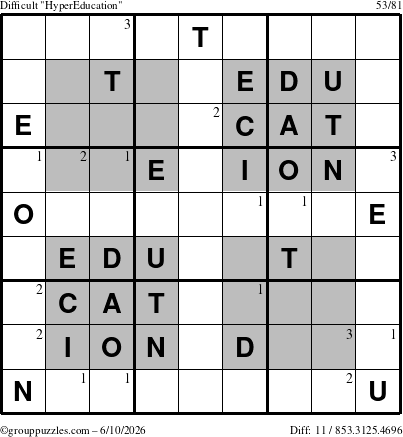 The grouppuzzles.com Difficult HyperEducation-i23 puzzle for Wednesday June 10, 2026 with the first 3 steps marked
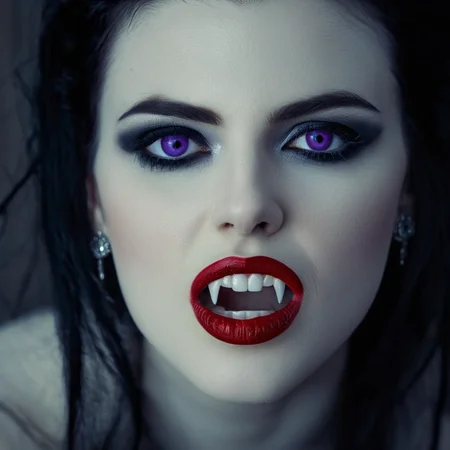 cinematic film still of  <lora:fangs teeth 4:0.8>
 <lora:perfection style:0.5> perfection style
 <lora:cinematic color motion picture film style:0.5>
vampire fangs teeth a pale skin gothic woman with a vampire makeup and small fangs teeth, scary, thriller, horror style, gothic movie themed, sharp, detailed, epic cinematic photography, artistic, creative, dramatic light, cinematic color style, Kodak film style, vampire fangs teeth style, vampire teeth style, vampire fangs style, 1girl, solo, looking at viewer, blue eyes, black hair, jewelry, purple eyes, earrings, teeth, lips, makeup, fangs, lipstick, portrait, close-up, realistic, red lips, open mouth, photorealistic, detailed vampire look
, shallow depth of field, vignette, highly detailed, high budget, bokeh, cinemascope, moody, epic, gorgeous, film grain, grainy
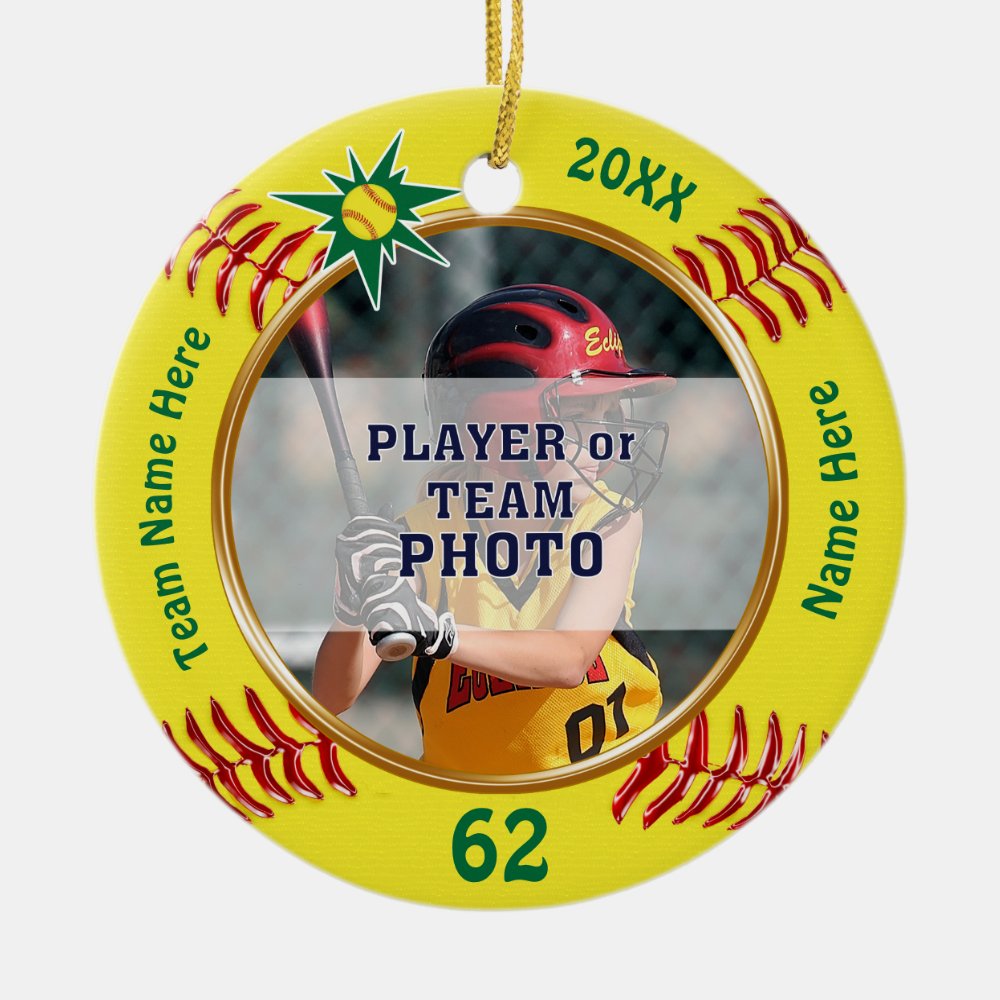 photo personalized softball gift ideas for players ceramic ornament - Softball Gifts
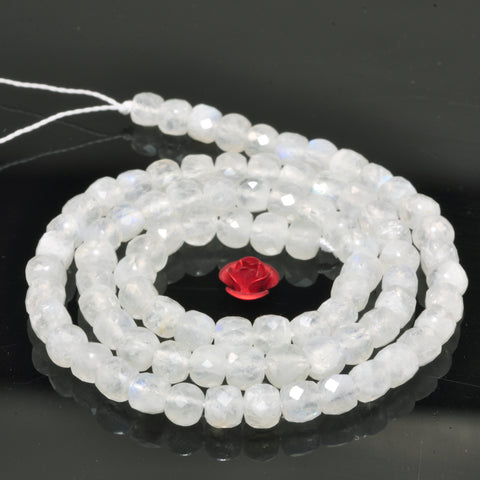 Natural Rainbow Moonstone faceted cube beads wholesale gemstones jewelry making 4mm15"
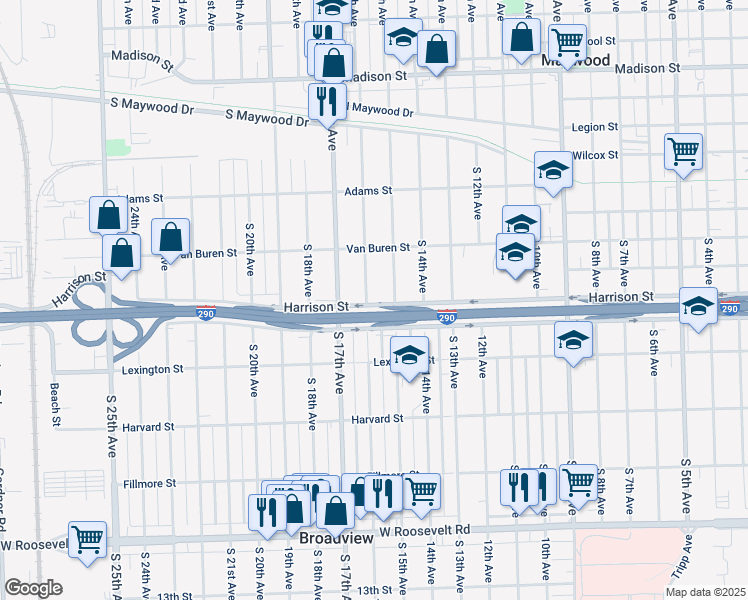 map of restaurants, bars, coffee shops, grocery stores, and more near 1645 Harrison Street in Maywood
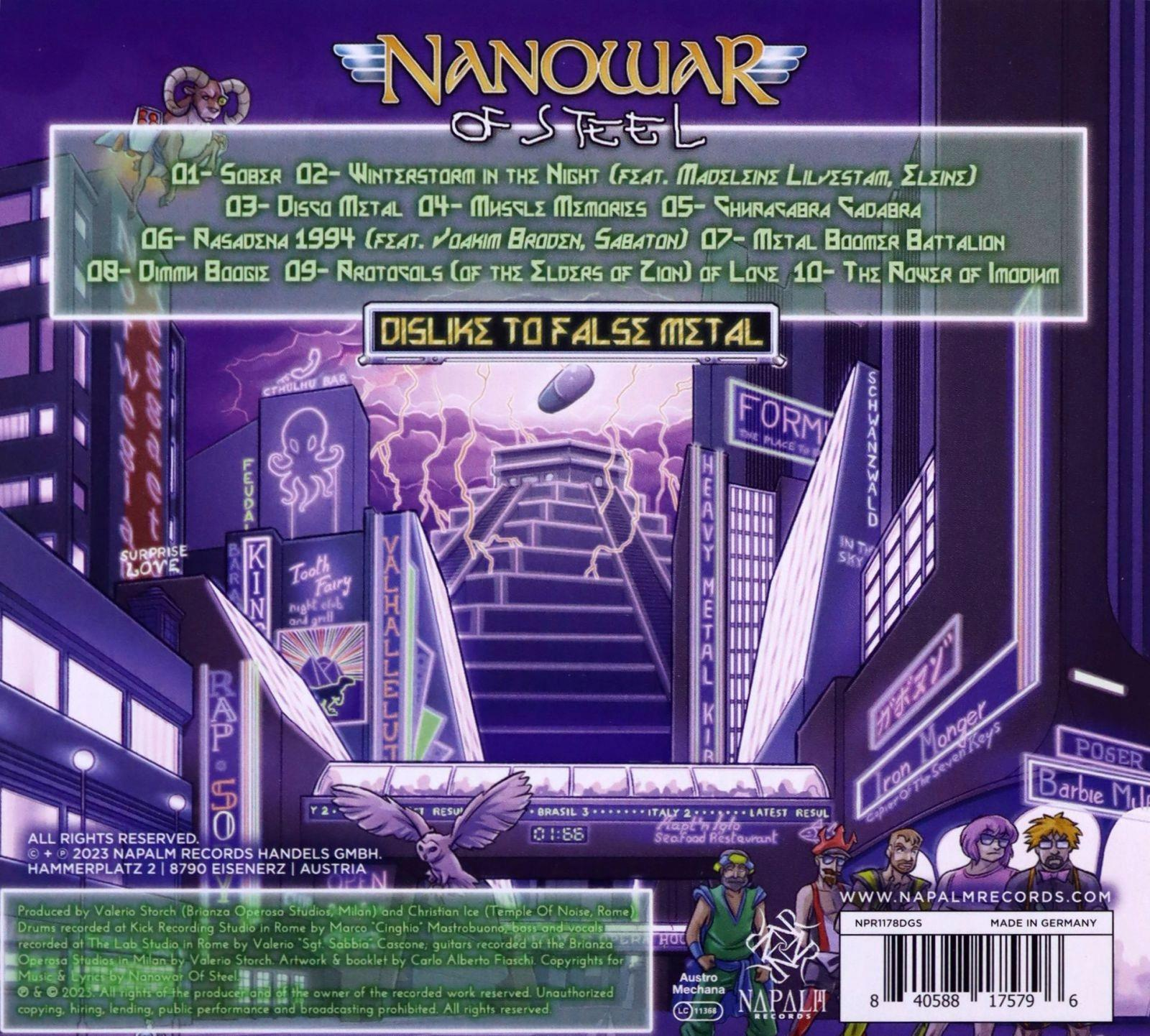Albumcover-Art. Eine farbenfrohe, comichafte Illustration mit einer Stadtszene, Bandmitgliedern und dem Albumtitel.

> [Task instructions]
If a record holds a picture, drop the picture and return the rest of it exactly.

> [Answer to this problem]
 The grouppuzzles.com Difficult HyperEducation-i23 puzzle for Wednesday June 10, 2026 with the first 3 steps marked
 cinematic film still of  <lora:fangs teeth 4:0.8>
 <lora:perfection style:0.5> perfection style
 <lora:cinematic color motion picture film style:0.5>
vampire fangs teeth a pale skin gothic woman with a vampire makeup and small fangs teeth, scary, thriller, horror style, gothic movie themed, sharp, detailed, epic cinematic photography, artistic, creative, dramatic light, cinematic color style, Kodak film style, vampire fangs teeth style, vampire teeth style, vampire fangs style, 1girl, solo, looking at viewer, blue eyes, black hair, jewelry, purple eyes, earrings, teeth, lips, makeup, fangs, lipstick, portrait, close-up, realistic, red lips, open mouth, photorealistic, detailed vampire look
, shallow depth of field, vignette, highly detailed, high budget, bokeh, cinemascope, moody, epic, gorgeous, film grain, grainy
 photo personalized softball gift ideas for players ceramic ornament - Softball Gifts
 Natural Rainbow Moonstone faceted cube beads wholesale gemstones jewelry making 4mm15"
 map of restaurants, bars, coffee shops, grocery stores, and more near 1645 Harrison Street in Maywood
Albumcover-Art. Eine farbenfrohe, comichafte Illustration mit einer Stadtszene, Bandmitgliedern und dem Albumtitel.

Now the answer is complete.